- Supplied records:

####################

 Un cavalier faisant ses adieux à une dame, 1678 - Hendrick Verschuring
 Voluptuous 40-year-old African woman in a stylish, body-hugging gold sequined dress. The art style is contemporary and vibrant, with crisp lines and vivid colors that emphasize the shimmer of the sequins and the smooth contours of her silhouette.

####################

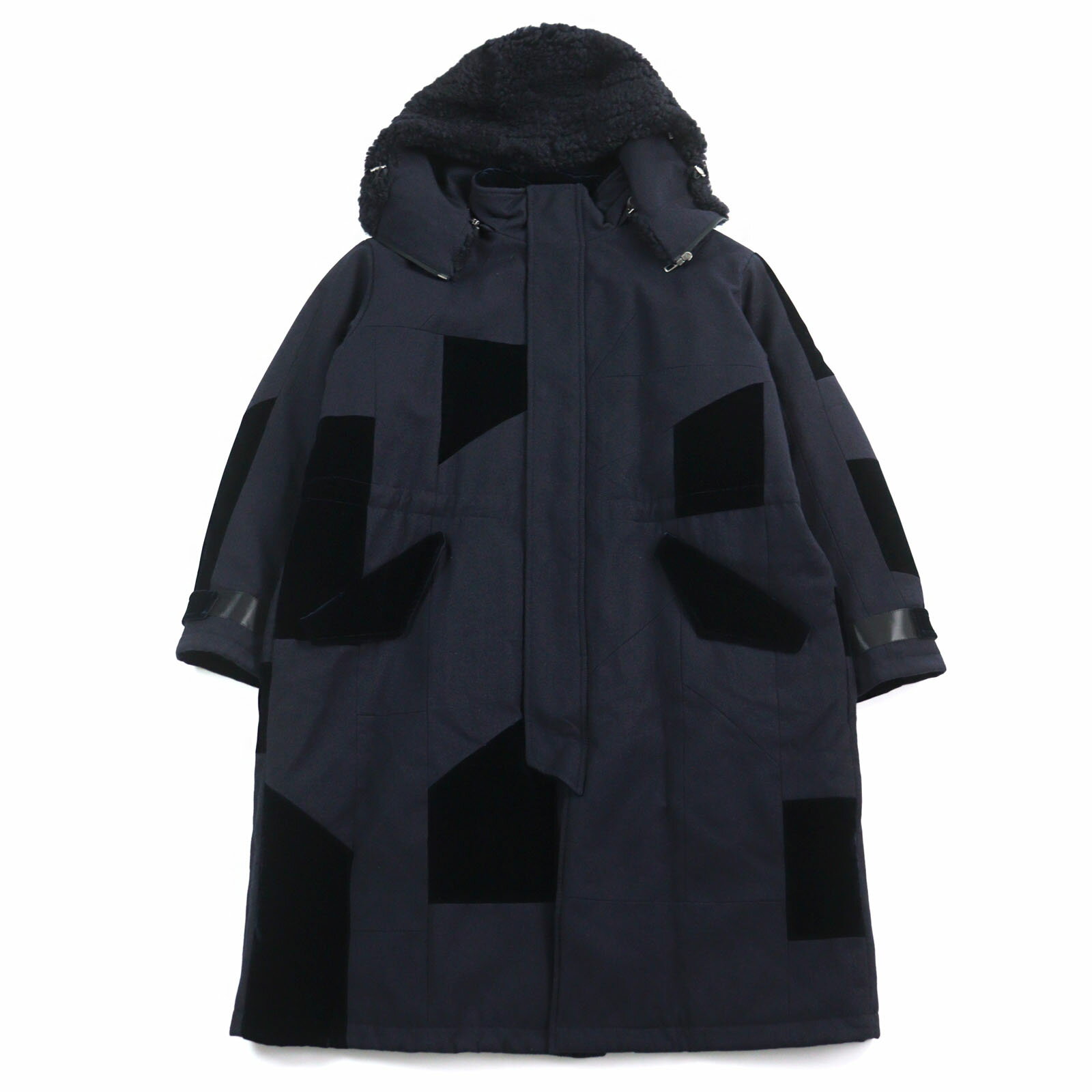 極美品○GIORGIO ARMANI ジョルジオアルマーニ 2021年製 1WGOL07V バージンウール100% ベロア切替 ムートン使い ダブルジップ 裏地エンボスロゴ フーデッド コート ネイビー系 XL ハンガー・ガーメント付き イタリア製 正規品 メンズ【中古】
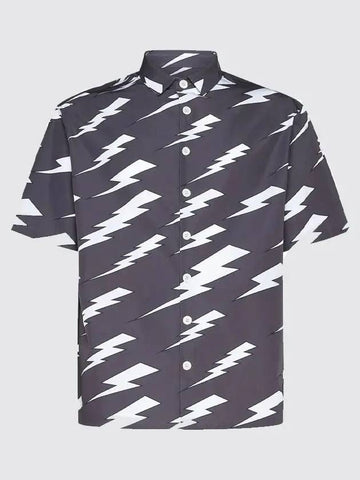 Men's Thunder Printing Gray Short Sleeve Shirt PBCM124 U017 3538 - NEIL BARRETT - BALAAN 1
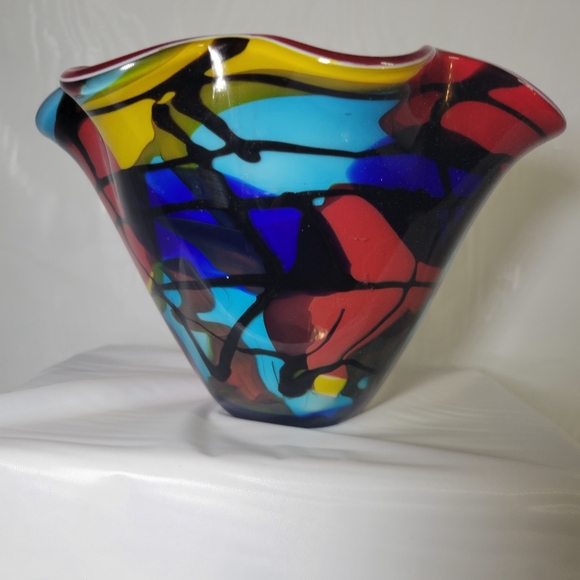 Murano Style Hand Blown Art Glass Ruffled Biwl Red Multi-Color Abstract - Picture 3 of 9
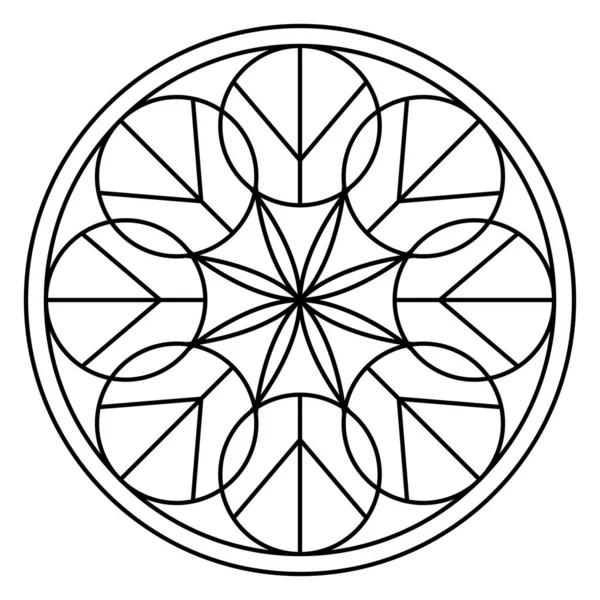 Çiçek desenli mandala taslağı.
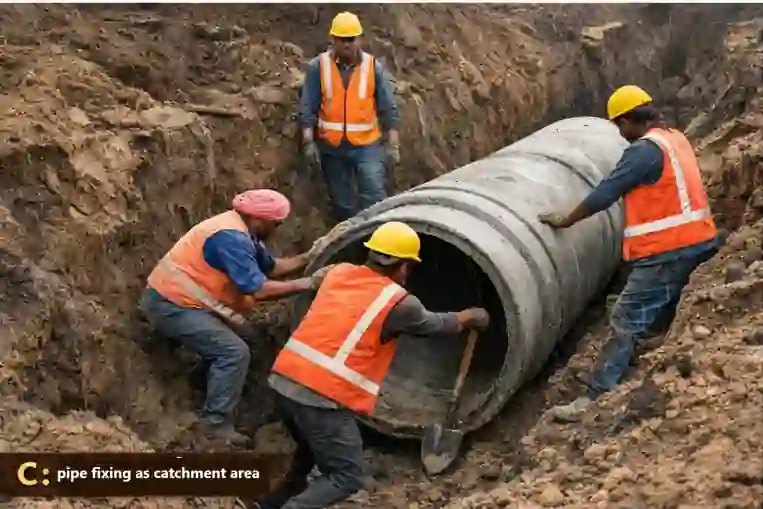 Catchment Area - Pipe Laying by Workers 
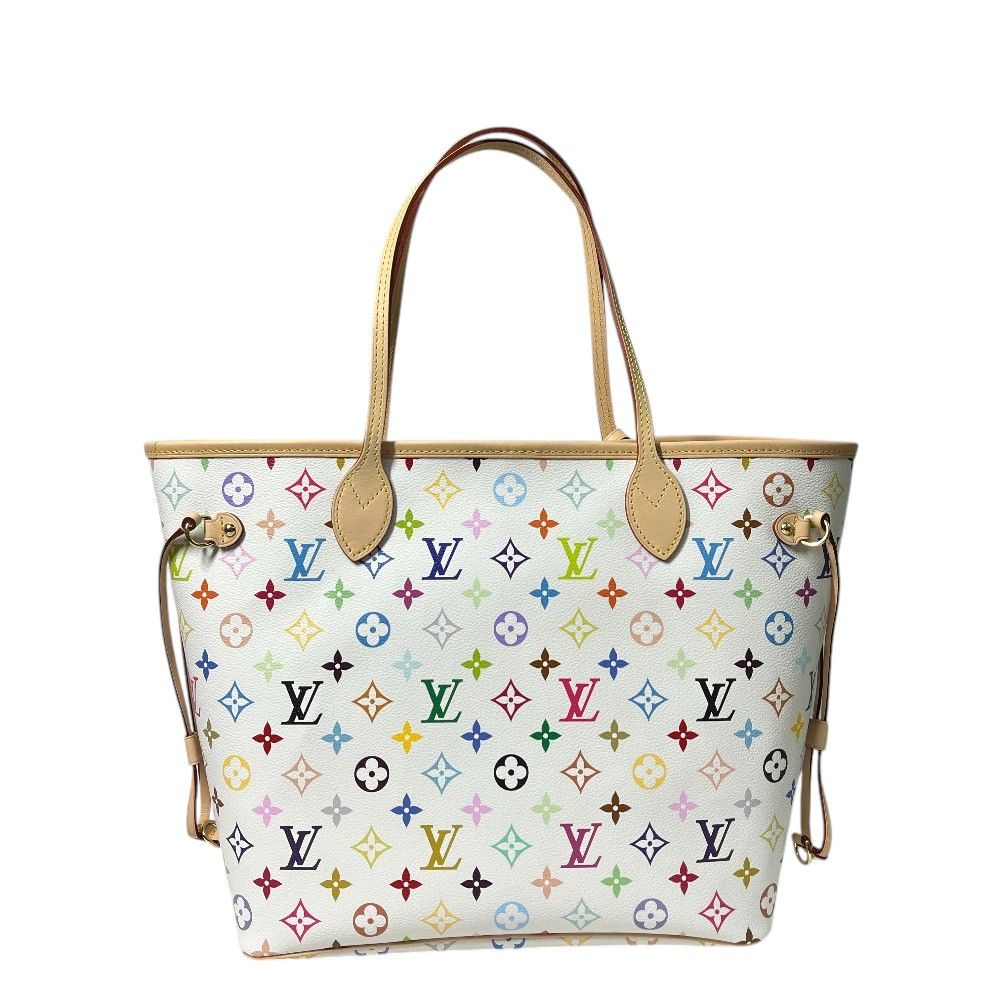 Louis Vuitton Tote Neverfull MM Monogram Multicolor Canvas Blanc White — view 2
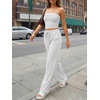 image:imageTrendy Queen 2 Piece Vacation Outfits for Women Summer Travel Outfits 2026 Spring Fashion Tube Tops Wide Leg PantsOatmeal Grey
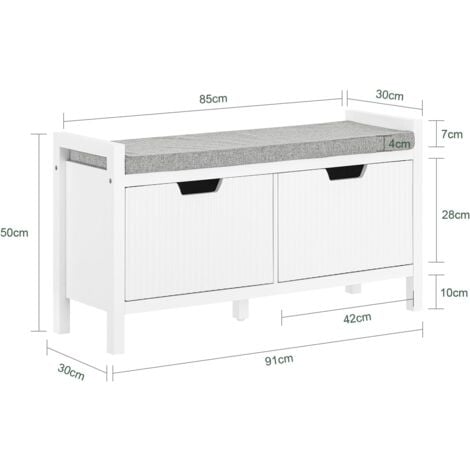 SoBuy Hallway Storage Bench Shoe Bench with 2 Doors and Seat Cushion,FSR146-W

####################

- Work to be completed: Find the line with "Louis Vuitton Tote" in the entries above. Set down exactly every line from it up to and including the line with "SoBuy Hallway Storage", images excluded.

- Answer box:
 Louis Vuitton Tote Neverfull MM Monogram Multicolor Canvas Blanc White — view 2
 image:imageTrendy Queen 2 Piece Vacation Outfits for Women Summer Travel Outfits 2026 Spring Fashion Tube Tops Wide Leg PantsOatmeal Grey
 SoBuy Hallway Storage Bench Shoe Bench with 2 Doors and Seat Cushion,FSR146-W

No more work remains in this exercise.